On the other hand, for a stream-of-blocks the communication between the producer and the consumer is modeled as a stream of array-like objects, providing several advantages over array transfer through PIPO.
The use of stream-of-blocks in your code requires the following include file:
#include "hls_streamofblocks.h"
The stream-of-blocks object template is: hls::stream_of_blocks<block_type, depth> v
Where:
-
<block_type>
specifies the datatype of the array or multidimensional array held by the stream-of-blocks -
<depth>
is an optional argument that provides depth control just likehls::stream
or PIPOs, and specifies the total number of blocks, including the one acquired by the producer and the one acquired by the consumer at any given time. The default value is 2 -
v
specifies the variable name for the stream-of-blocks object
Use the following steps to access a block in a stream of blocks:
- The producer or consumer process that wants to access the stream
first needs to acquire access to it, using a
hls::write_lock
orhls::read_lock
object. -
After the producer has acquired the lock it can start writing (or reading) the acquired block. Once the block has been fully initialized, it can be released by the producer, when the
write_lock
object goes out of scope.Note: The producer process with a
write_lock
can also read the block as long as it only reads from already written locations, because the newly acquired buffer must be assumed to contain uninitialized data.
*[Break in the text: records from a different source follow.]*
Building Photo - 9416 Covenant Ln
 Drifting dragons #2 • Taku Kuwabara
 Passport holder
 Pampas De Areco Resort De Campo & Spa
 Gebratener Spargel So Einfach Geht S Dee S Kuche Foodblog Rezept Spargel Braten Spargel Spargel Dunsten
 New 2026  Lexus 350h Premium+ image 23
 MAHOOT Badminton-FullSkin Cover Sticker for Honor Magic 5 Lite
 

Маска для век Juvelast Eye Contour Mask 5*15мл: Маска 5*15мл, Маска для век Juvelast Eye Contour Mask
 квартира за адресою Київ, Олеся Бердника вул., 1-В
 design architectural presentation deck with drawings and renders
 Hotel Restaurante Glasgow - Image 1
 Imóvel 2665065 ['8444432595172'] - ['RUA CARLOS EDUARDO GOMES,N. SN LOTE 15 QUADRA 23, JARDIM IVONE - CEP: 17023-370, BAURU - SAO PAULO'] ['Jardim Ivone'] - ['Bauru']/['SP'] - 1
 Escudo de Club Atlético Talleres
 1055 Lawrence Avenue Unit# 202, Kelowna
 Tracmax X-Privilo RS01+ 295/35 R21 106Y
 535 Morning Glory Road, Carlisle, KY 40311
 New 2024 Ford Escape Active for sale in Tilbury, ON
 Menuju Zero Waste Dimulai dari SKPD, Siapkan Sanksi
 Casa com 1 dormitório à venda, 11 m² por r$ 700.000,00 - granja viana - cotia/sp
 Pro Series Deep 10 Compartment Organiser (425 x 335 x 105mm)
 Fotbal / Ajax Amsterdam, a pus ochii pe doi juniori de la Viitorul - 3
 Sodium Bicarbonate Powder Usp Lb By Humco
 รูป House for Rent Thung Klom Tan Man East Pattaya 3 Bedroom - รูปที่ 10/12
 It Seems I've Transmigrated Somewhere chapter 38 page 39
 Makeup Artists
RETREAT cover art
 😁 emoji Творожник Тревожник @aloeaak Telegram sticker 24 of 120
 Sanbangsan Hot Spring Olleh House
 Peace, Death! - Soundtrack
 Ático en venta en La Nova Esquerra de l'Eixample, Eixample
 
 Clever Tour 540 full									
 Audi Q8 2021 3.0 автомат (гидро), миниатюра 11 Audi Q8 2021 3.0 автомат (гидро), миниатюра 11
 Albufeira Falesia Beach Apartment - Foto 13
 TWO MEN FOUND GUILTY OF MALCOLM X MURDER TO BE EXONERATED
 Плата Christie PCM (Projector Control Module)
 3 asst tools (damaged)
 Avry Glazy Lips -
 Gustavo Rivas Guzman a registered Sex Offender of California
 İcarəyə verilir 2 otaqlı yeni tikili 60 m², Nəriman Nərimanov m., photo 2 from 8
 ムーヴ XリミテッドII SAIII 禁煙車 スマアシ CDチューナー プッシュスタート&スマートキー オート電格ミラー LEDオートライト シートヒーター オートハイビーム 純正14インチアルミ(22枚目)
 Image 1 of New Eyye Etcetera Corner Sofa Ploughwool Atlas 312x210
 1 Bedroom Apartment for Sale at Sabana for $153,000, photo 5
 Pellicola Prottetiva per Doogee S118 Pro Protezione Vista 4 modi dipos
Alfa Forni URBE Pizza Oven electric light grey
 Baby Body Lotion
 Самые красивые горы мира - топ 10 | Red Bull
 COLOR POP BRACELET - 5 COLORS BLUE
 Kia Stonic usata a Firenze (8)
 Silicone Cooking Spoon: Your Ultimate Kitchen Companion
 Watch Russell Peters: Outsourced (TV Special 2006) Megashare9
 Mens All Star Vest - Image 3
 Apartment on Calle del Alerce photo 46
The ability to write and read the block is unique to the producer process, and is not supported for the consumer. - Then the block is queued in the stream-of-blocks in a FIFO fashion,
and when the consumer acquires a
read_lock
object, the block can be read by the consumer process.
The main difference between hls::stream_of_blocks
and the PIPO mechanism seen in the prior examples is
that the block becomes available to the consumer as soon as the write_lock
goes out of scope, rather than only at the return of the
producer process. Hence the size of storage required to manage the original example
(without the dataflow loop) is much less with stream-of-blocks than with just PIPOs:
namely 2N instead of 2xMxN in the example.
Rewriting the prior example to use hls::stream_of_blocks
is shown in the example below. The producer acquires
the block by constructing an hls::write_lock
object
called b
, and passing it the reference to the
stream-of-blocks object, called s
. The write_lock
object provides an overloaded array access
operator, letting it be accessed as an array to access underlying storage in random
order as shown in the example below.
The acquisition of the lock is performed by constructing the write_lock
/read_lock
object, and the release occurs automatically when that object is destructed as it goes
out of scope. This approach uses the common Resource Acquisition Is
Initialization (RAII) style of locking and unlocking.
#include "hls_streamofblocks.h"
typedef int buf[N];
void producer (hls::stream_of_blocks<buf> &s, ...) {
for (int i = 0; i < M; i++) {
// Allocation of hls::write_lock acquires the block for the producer
hls::write_lock<buf> b(s);
for (int j = 0; j < N; j++)
b[f(j)] = ...;
// Deallocation of hls::write_lock releases the block for the consumer
}
}
void consumer(hls::stream_of_blocks<buf> &s, ...) {
for (int i = 0; i < M; i++) {
// Allocation of hls::read_lock acquires the block for the consumer
hls::read_lock<buf> b(s);
for (int j = 0; j < N; j++)
... = b[g(j)] ...;
// Deallocation of hls::write_lock releases the block to be reused by the producer
}
}
void top(...) {
#pragma HLS dataflow
hls::stream_of_blocks<buf> s;
producer(b, ...);
consumer(b, ...);
}
The key features of this approach include:
- The expected performance of the outer loop in the producer above is to achieve an overall Initiation Interval (II) of 1
- A locked block can be used as though it were private to the producer or the consumer process until it is released.
- The initial state of the array object for the producer is undefined, whereas it contains the values written by the producer for the consumer.
- The principal advantage of stream-of-blocks is to provide overlapped execution of multiple iterations of the consumer and the producer to increase throughput.